This book brings together foreign investment and investment arbitration in Asia, the fastest growing economic region in the world. It provides a critical analysis of foreign investment, its benefits and the legal regimes of the jurisdictions studied at a time when investor-state disputes are on the rise and investment arbitration is under growing scrutiny. Governments are under greater pressure to balance the promotion of investment with public policy development and interests and calls for a permanent court for investment arbitration are getting louder.
To assess future possibilities, this book takes stock of, brings together and analyses the legal regimes on foreign investment in 12 major Asian jurisdictions, namely China, Hong-Kong, India, Indonesia, Japan, South Korea, Malaysia, Myanmar, Philippines, Singapore, Thailand and Vietnam. These constitute paradigmatic examples of what is happening in the legal framework of Asian foreign investment and the impact that the current system of investment arbitration has in all of them. The analysis shows the existence of changing positions and degrees of openness towards foreign investment in the region, as well as a distinct level of exposure to and involvement in investment arbitration.

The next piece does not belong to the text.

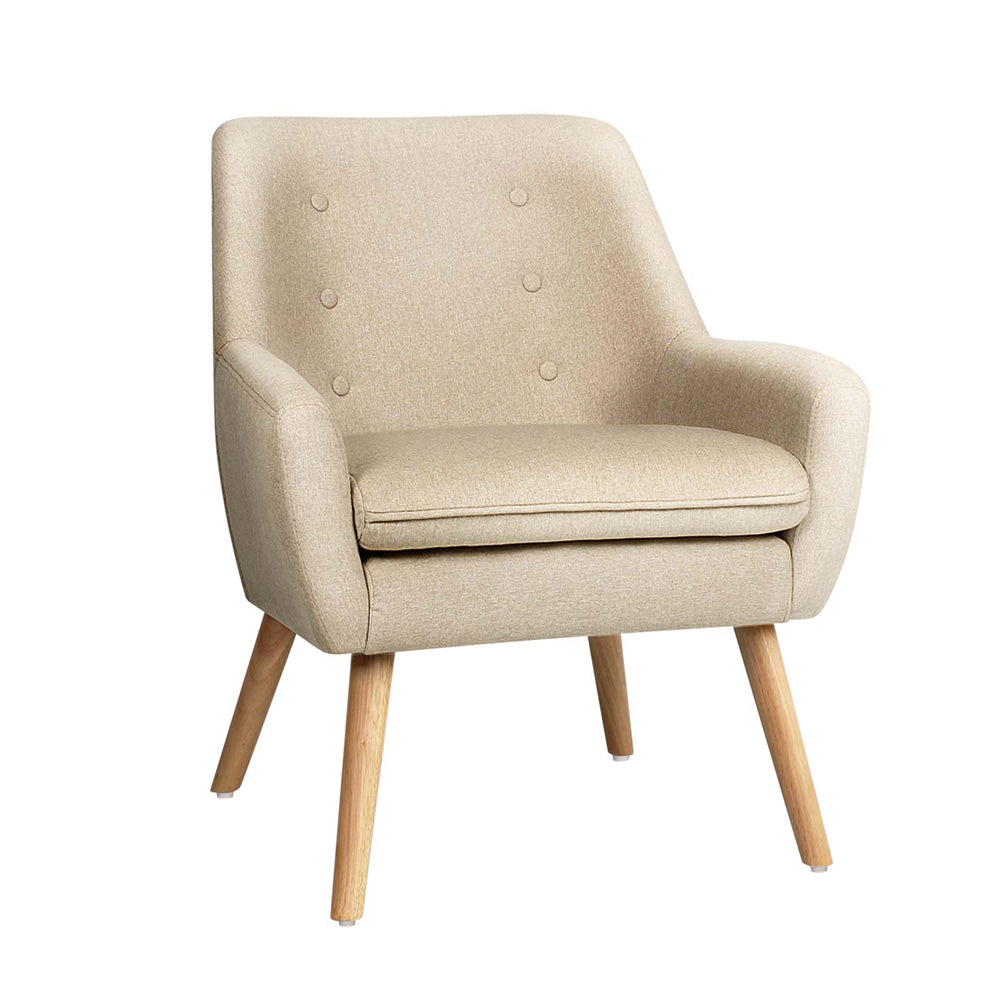 Artiss Fabric Dining Armchair - Beige-Furniture &gt; Living Room - Peroz Australia - Image - 2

Predictably, their situation will change in the near future, at least in relation to investment arbitration. Proposals for reform have already been made and international institutions are working on the development of an alternative to the proceedings of investment arbitration as it is currently constructed and understood. Consequently, the last two chapters of this book are devoted to the analysis of these developments that will most probably affect the existing situation in the region.